Revisiting the Gumbel-Softmax in MADDPG

Callum Rhys Tilbury,Filippos Christianos,Stefano V. Albrecht
2023-06-14
Abstract:MADDPG is an algorithm in multi-agent reinforcement learning (MARL) that extends the popular single-agent method, DDPG, to multi-agent scenarios. Importantly, DDPG is an algorithm designed for continuous action spaces, where the gradient of the state-action value function exists. For this algorithm to work in discrete action spaces, discrete gradient estimation must be performed. For MADDPG, the Gumbel-Softmax (GS) estimator is used -- a reparameterisation which relaxes a discrete distribution into a similar continuous one. This method, however, is statistically biased, and a recent MARL benchmarking paper suggests that this bias makes MADDPG perform poorly in grid-world situations, where the action space is discrete. Fortunately, many alternatives to the GS exist, boasting a wide range of properties. This paper explores several of these alternatives and integrates them into MADDPG for discrete grid-world scenarios. The corresponding impact on various performance metrics is then measured and analysed. It is found that one of the proposed estimators performs significantly better than the original GS in several tasks, achieving up to 55% higher returns, along with faster convergence.
Machine Learning,Artificial Intelligence,Multiagent Systems
What problem does this paper attempt to address?

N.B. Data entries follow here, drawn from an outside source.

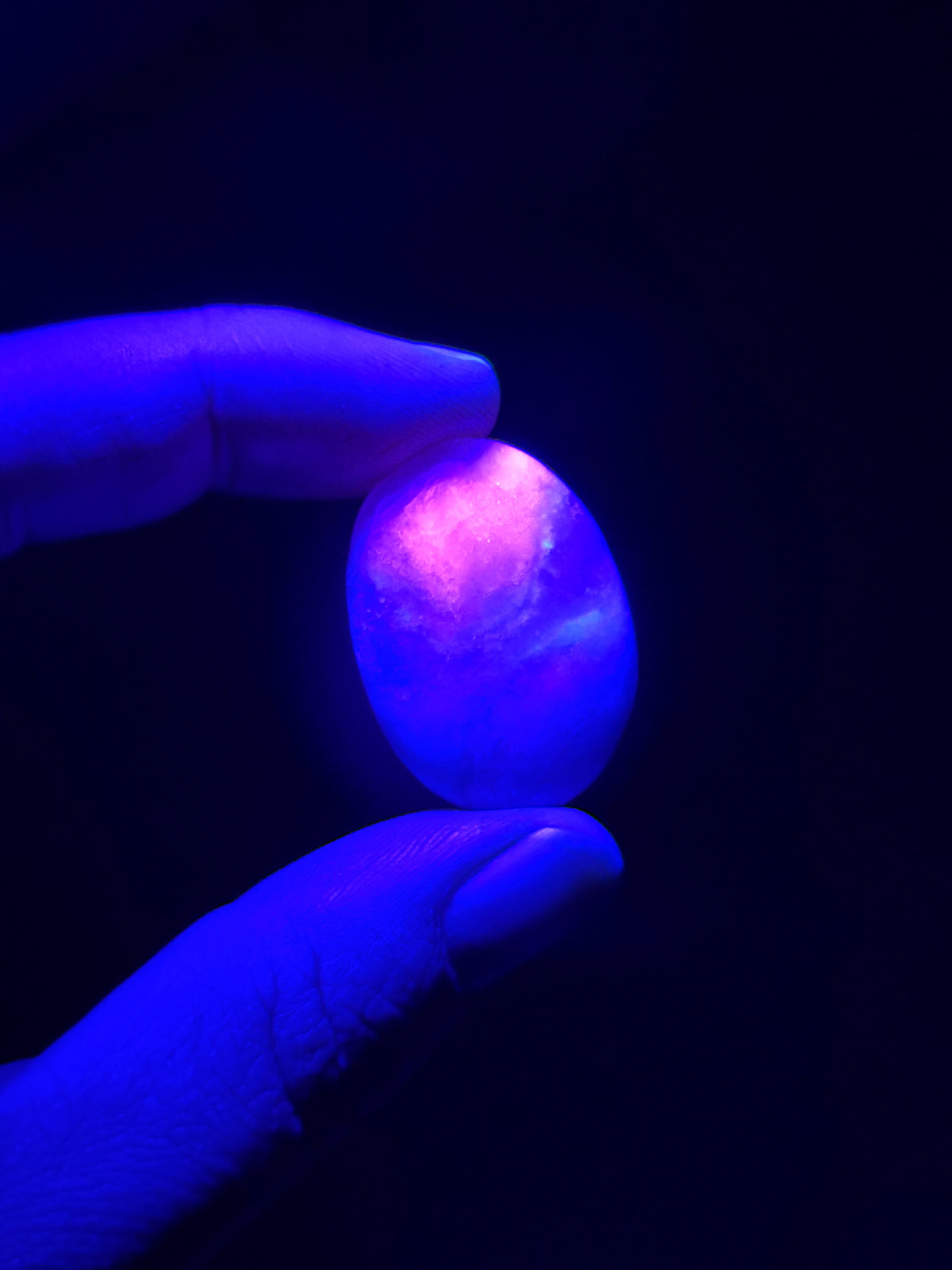 Hackmanit Palmstone (Nr. 11) - UV-reaktiv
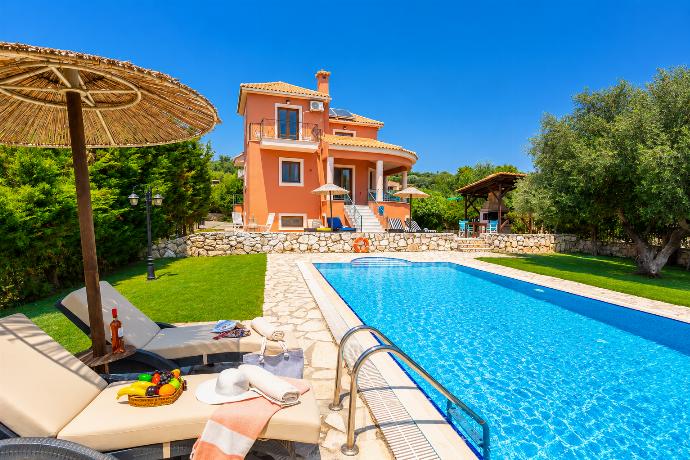 Play ILIOS KEFALONIA Video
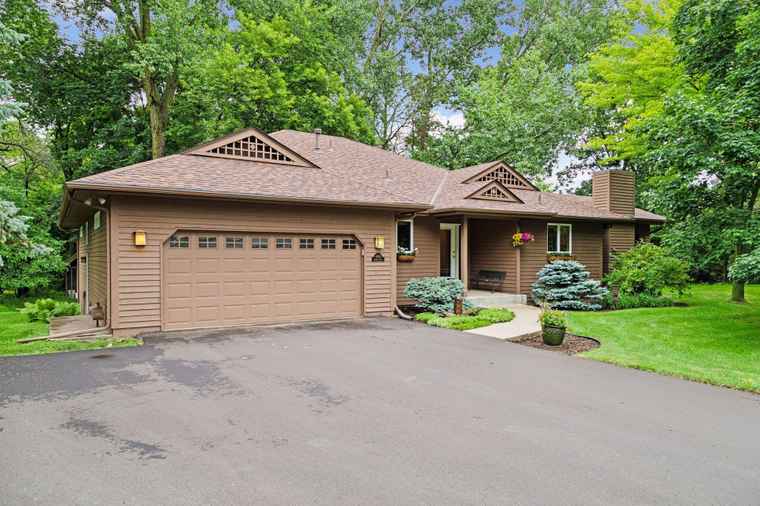 Photo of 4901 Sparrow Rd Minnetonka, MN 55345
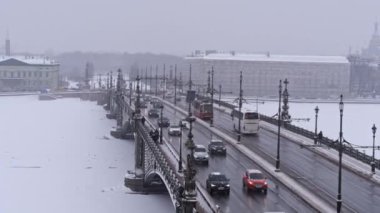 Troitsky Köprüsü üzerindeki şehir trafiği Kış Saati Saint Petersburg Rusya 
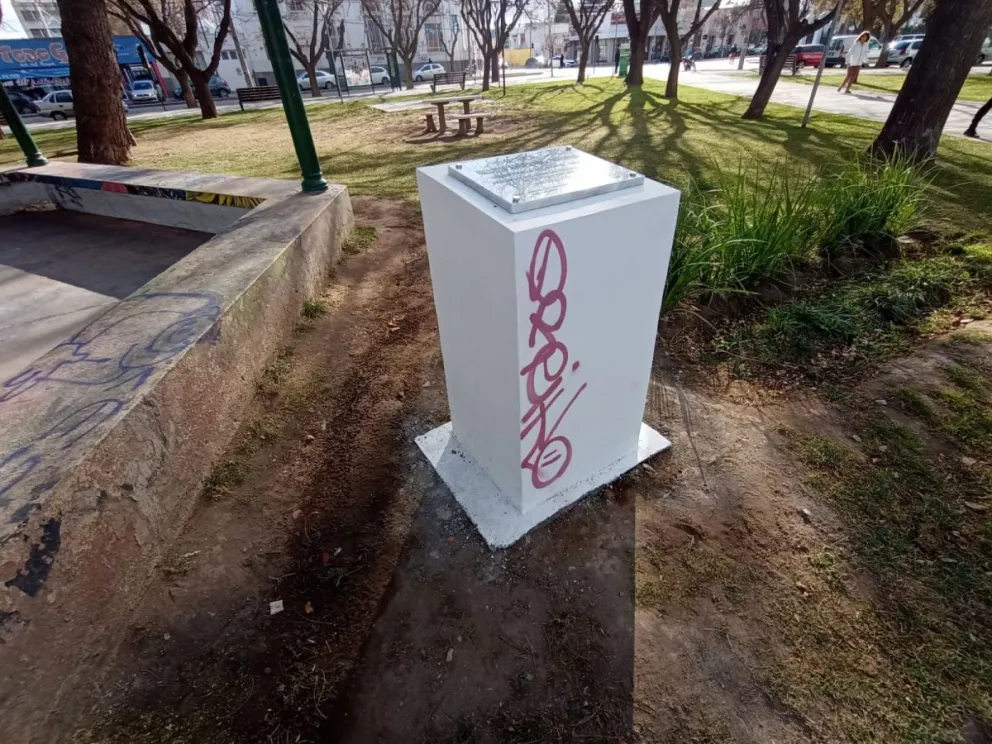 Desconocidos provocaron un acto de vandalismo en el monolito de homenaje a Néstor Miranda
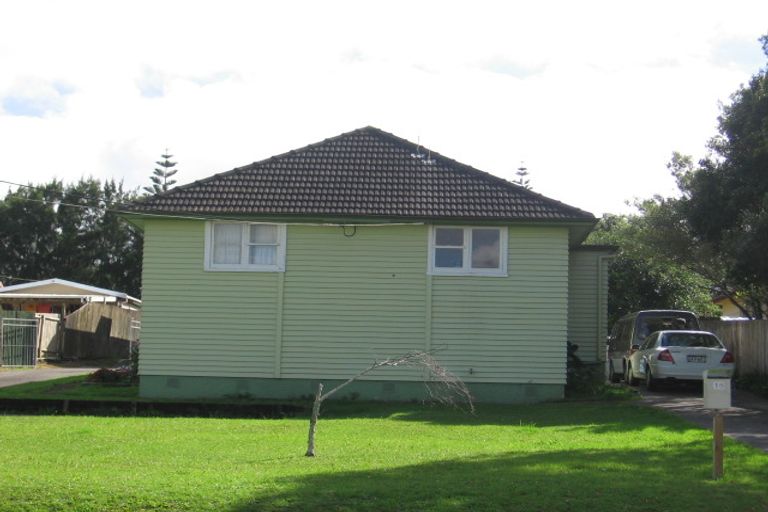 Photo of property in 18 Tahi Terrace, Glen Eden, Auckland, 0602
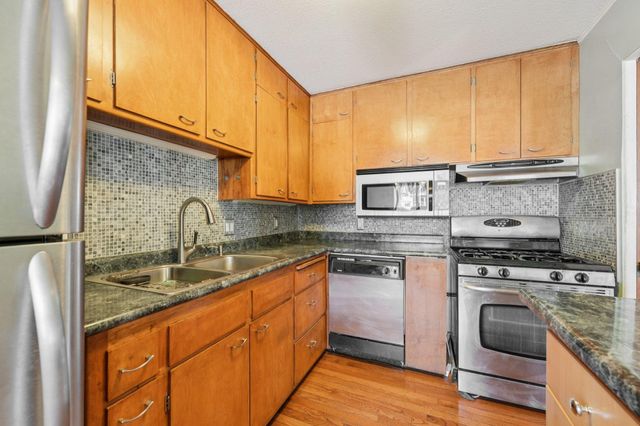 2500 Blaisdell Avenue 211, Minneapolis, MN 55404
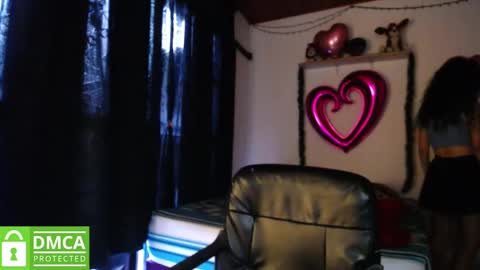 Snapshot of mr_mrscurie chatting on December 2024 09:52:01 PM Mr  Mrs Curie online show from December 2024 09:52:01 PM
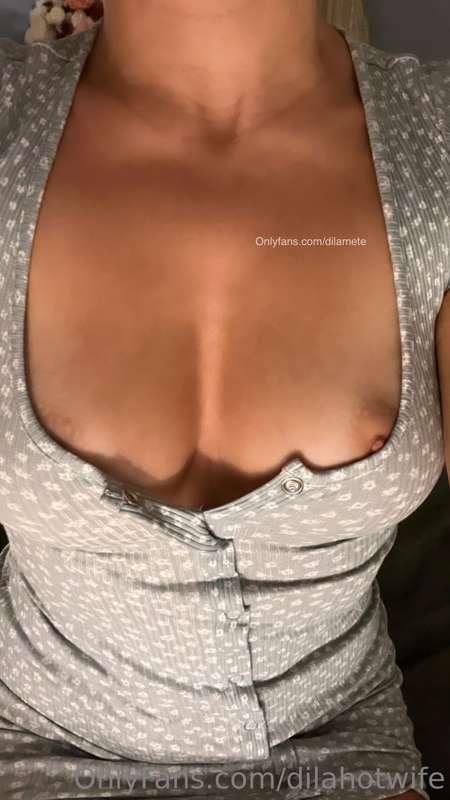 dilahotwife main image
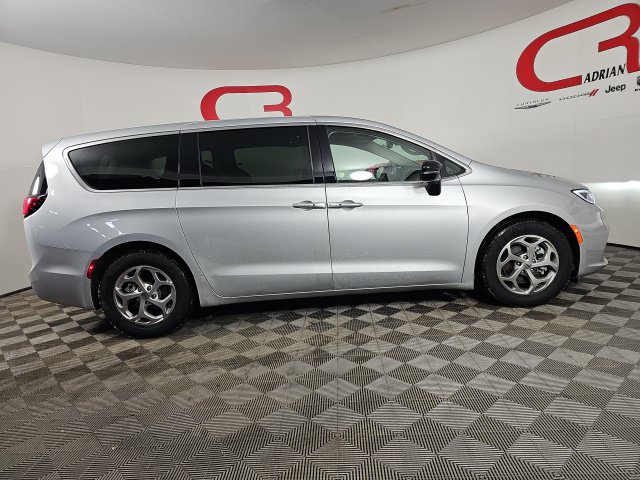 2024 Chrysler Pacifica Limited - Photo 8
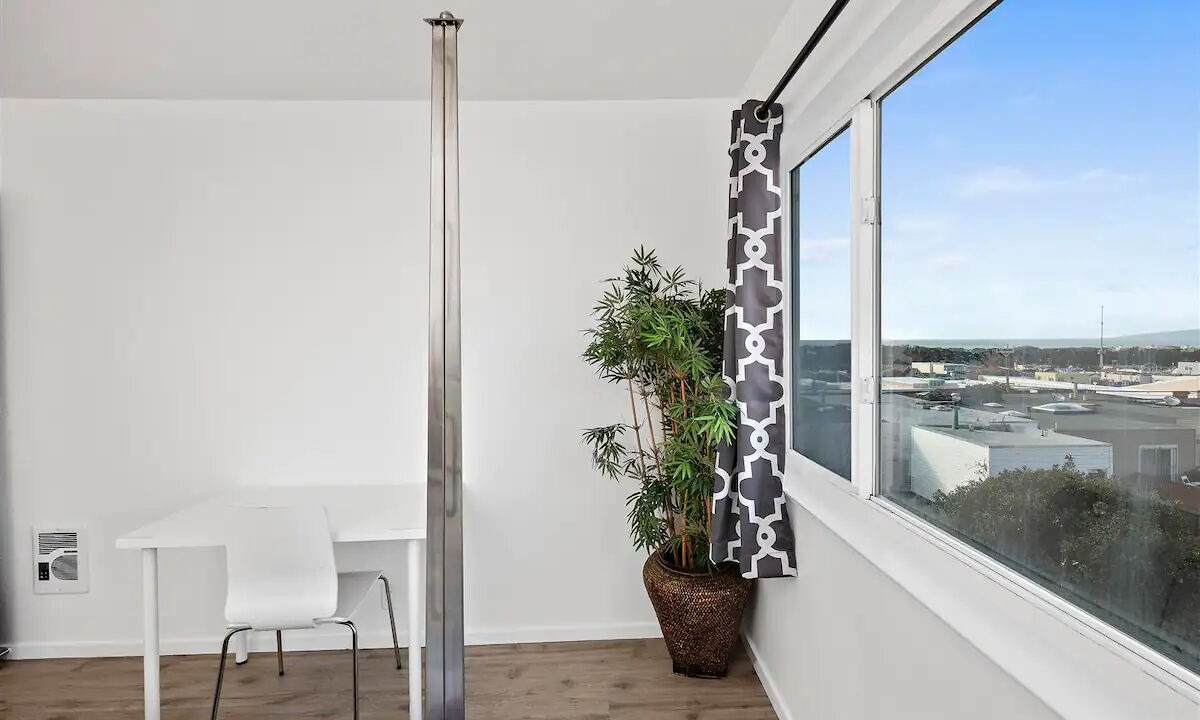 Photo of Patio Balcony in Daly City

### Problems the Paper Attempts to Solve This paper primarily explores how to improve the performance of the MADDPG algorithm in discrete action spaces within multi-agent reinforcement learning (MARL). Specifically: 1. **Background of the MADDPG Algorithm**: - The MADDPG algorithm is an extension of the single-agent DDPG algorithm to multi-agent environments, suitable for continuous action spaces. - For discrete action spaces, MADDPG uses the Gumbel-Softmax (GS) method for discrete gradient estimation, but this method has statistical bias. 2. **Research Motivation**: - A recent benchmark indicates that MADDPG performs poorly in discrete action spaces (such as grid world environments), possibly due to the statistical bias introduced by GS. - To overcome this issue, the paper explores several alternative discrete gradient estimation methods and integrates them into MADDPG to evaluate their impact on performance. 3. **Experimental Design**: - The researchers selected four alternative methods: two simple improvements to the existing GS method (lowering temperature and annealing temperature), and two new methods from the literature (Gumbel-Rao Monte Carlo and Gapped Straight-Through). - Tests were conducted on nine grid world tasks, and the impact of these methods on various performance metrics was analyzed. 4. **Main Findings**: - Experimental results show that the Gapped Straight-Through (GST) method significantly outperforms the original Gumbel-Softmax method, with a maximum reward increase of 55% and faster convergence. - This indicates that improving discrete gradient estimation methods can significantly enhance the performance of MADDPG in discrete action spaces. ### Summary This paper aims to improve the performance of the MADDPG algorithm in discrete action spaces by enhancing discrete gradient estimation methods, particularly in grid world environments. The research results indicate that the Gapped Straight-Through method is one of the most effective improvements.